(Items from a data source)
..............................

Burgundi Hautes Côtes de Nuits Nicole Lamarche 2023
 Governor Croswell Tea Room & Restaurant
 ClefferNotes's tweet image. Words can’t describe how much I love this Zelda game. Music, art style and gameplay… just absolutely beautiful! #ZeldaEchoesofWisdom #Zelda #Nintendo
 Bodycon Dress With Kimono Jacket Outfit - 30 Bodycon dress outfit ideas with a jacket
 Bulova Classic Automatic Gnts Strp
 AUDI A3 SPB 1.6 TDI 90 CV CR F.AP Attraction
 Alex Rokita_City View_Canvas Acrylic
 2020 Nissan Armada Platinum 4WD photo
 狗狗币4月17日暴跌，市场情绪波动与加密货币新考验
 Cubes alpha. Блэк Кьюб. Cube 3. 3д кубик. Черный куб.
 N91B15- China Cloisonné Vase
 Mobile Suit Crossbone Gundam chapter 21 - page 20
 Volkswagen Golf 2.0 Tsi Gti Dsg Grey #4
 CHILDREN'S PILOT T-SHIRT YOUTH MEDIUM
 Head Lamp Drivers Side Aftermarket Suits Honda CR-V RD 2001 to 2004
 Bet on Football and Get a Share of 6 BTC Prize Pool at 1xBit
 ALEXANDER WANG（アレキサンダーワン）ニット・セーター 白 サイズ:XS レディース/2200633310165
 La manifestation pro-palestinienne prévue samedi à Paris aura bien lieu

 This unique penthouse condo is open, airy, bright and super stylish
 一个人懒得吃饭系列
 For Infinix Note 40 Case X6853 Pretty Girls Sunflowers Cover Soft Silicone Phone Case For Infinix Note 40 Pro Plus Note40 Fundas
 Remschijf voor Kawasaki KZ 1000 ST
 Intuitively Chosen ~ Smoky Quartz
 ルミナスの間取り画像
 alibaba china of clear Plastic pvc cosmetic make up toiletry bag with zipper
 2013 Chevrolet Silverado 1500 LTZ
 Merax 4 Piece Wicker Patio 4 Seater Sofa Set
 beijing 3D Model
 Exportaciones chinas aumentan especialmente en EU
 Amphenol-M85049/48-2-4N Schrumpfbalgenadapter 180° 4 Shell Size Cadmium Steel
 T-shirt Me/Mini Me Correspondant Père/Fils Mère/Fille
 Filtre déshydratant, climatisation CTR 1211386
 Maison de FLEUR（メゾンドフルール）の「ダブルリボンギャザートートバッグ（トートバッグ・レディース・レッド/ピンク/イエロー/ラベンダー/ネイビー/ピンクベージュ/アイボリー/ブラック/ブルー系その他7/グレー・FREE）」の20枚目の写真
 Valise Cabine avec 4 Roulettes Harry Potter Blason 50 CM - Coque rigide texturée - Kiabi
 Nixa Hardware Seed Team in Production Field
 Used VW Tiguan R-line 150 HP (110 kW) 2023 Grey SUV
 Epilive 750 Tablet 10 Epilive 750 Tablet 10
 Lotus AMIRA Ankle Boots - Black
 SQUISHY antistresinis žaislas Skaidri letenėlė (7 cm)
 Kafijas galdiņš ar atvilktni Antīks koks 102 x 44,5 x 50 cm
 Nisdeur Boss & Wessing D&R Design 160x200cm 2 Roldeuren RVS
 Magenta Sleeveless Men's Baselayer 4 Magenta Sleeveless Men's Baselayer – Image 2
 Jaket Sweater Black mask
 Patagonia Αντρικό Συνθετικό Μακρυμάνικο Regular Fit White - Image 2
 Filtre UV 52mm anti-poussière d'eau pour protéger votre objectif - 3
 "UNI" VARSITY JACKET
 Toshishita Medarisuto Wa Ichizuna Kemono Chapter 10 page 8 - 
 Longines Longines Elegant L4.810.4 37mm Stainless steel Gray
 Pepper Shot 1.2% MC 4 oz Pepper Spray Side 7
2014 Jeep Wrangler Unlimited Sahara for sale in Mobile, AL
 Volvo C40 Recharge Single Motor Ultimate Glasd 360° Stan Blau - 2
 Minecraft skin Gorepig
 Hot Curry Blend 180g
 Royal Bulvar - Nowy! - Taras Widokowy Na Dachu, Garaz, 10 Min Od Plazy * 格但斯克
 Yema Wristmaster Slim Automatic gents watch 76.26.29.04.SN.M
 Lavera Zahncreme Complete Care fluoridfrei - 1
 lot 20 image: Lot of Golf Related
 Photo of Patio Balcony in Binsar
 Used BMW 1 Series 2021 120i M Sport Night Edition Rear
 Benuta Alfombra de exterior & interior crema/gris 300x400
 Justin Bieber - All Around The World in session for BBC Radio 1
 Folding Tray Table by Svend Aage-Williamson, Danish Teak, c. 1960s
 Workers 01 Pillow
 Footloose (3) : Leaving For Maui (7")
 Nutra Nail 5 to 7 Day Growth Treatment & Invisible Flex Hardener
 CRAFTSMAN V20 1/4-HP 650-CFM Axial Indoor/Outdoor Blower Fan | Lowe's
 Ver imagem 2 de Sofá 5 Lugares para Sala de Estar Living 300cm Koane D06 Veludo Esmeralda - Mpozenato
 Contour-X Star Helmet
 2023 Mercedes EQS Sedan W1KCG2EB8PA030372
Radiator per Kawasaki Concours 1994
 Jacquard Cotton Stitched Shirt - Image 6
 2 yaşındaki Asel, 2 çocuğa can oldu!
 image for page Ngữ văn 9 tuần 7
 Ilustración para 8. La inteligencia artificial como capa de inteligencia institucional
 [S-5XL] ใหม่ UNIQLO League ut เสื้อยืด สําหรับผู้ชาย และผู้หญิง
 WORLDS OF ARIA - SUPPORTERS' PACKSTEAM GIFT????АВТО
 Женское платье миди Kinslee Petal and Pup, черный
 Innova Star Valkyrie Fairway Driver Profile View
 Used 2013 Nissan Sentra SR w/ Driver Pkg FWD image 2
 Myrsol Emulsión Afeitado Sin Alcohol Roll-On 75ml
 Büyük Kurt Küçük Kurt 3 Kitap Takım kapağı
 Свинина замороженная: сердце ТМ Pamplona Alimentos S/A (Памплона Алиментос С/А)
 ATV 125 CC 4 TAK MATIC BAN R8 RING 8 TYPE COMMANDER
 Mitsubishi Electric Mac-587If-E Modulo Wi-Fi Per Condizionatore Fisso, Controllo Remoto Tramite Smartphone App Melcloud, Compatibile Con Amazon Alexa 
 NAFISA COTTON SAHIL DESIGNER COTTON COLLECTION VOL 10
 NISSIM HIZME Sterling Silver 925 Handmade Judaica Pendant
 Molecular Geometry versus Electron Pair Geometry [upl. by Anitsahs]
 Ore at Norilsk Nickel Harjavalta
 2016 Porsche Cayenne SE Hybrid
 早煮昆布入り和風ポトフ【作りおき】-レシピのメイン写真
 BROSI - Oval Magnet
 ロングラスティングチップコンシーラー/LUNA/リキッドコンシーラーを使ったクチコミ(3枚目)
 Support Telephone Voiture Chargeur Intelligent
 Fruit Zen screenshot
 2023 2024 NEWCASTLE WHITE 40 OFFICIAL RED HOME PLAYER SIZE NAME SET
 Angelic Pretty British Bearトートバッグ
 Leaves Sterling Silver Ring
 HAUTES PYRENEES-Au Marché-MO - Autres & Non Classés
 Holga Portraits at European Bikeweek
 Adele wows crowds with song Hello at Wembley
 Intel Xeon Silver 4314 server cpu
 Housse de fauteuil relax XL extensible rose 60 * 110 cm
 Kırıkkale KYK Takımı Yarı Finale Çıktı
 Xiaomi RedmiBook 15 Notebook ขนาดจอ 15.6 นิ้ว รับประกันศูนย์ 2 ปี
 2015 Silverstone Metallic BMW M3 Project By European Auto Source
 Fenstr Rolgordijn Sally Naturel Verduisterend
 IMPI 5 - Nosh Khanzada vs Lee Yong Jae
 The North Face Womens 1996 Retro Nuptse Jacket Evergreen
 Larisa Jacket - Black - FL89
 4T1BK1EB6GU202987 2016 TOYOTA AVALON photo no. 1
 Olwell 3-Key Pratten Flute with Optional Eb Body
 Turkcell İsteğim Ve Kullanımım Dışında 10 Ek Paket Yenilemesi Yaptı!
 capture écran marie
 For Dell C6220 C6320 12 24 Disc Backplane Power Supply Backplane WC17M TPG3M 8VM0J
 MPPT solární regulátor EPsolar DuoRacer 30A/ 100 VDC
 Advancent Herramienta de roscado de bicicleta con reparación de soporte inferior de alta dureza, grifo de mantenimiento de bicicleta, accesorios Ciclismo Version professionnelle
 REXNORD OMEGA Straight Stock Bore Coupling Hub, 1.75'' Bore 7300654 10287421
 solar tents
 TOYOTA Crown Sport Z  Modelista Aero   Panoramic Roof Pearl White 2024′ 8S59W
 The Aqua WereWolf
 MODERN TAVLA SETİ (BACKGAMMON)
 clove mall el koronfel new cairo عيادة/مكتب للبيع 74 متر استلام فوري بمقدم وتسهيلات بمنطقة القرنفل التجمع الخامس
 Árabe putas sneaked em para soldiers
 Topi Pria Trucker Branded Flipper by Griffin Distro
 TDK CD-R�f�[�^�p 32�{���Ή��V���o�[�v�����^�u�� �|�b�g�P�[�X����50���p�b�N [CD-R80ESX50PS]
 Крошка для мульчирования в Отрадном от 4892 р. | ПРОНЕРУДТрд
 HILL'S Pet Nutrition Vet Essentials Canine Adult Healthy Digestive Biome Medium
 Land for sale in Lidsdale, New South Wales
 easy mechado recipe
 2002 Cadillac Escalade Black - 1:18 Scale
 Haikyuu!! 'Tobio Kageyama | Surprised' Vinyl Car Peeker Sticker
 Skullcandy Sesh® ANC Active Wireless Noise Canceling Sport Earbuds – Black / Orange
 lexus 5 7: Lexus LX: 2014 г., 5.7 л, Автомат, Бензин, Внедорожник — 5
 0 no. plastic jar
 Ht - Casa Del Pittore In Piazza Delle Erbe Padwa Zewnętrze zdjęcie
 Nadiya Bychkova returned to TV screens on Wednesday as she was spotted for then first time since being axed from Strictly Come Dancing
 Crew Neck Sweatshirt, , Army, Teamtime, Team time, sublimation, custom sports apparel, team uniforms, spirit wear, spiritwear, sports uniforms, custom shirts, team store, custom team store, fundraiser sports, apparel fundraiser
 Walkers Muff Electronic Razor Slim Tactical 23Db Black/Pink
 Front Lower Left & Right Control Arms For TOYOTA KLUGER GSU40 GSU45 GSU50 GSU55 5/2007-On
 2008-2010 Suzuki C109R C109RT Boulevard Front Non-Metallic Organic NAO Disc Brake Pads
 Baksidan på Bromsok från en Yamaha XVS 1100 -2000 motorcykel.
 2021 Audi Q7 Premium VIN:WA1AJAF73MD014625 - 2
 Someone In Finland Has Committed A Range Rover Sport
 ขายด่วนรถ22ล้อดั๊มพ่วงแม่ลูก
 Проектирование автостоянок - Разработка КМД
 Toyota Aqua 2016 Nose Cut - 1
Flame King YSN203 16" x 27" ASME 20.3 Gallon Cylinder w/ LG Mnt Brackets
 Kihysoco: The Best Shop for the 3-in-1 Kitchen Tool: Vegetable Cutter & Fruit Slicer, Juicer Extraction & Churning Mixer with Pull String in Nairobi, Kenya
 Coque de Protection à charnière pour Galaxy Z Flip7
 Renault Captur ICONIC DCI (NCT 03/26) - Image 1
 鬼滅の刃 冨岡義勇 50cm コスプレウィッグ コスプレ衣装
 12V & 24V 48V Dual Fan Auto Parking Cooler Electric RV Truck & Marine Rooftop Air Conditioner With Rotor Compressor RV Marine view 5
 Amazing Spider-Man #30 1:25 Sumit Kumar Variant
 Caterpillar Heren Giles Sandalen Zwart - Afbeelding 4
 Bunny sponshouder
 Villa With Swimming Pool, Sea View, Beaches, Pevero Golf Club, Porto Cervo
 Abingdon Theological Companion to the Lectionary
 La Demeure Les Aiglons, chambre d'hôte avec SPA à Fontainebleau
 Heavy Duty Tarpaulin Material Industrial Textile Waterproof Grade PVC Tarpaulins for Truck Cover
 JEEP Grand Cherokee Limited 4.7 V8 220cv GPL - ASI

..............................

> _WHAT IS REQUIRED_
Please copy, exactly and with nothing else, the lines above beginning at the line that has "Alex Rokita_City View_Canvas Acrylic" and ending with the line that has "Mobile Suit Crossbone".

> _ANSWER SPACE_
 Alex Rokita_City View_Canvas Acrylic
 2020 Nissan Armada Platinum 4WD photo
 狗狗币4月17日暴跌，市场情绪波动与加密货币新考验
 Cubes alpha. Блэк Кьюб. Cube 3. 3д кубик. Черный куб.
 N91B15- China Cloisonné Vase
 Mobile Suit Crossbone Gundam chapter 21 - page 20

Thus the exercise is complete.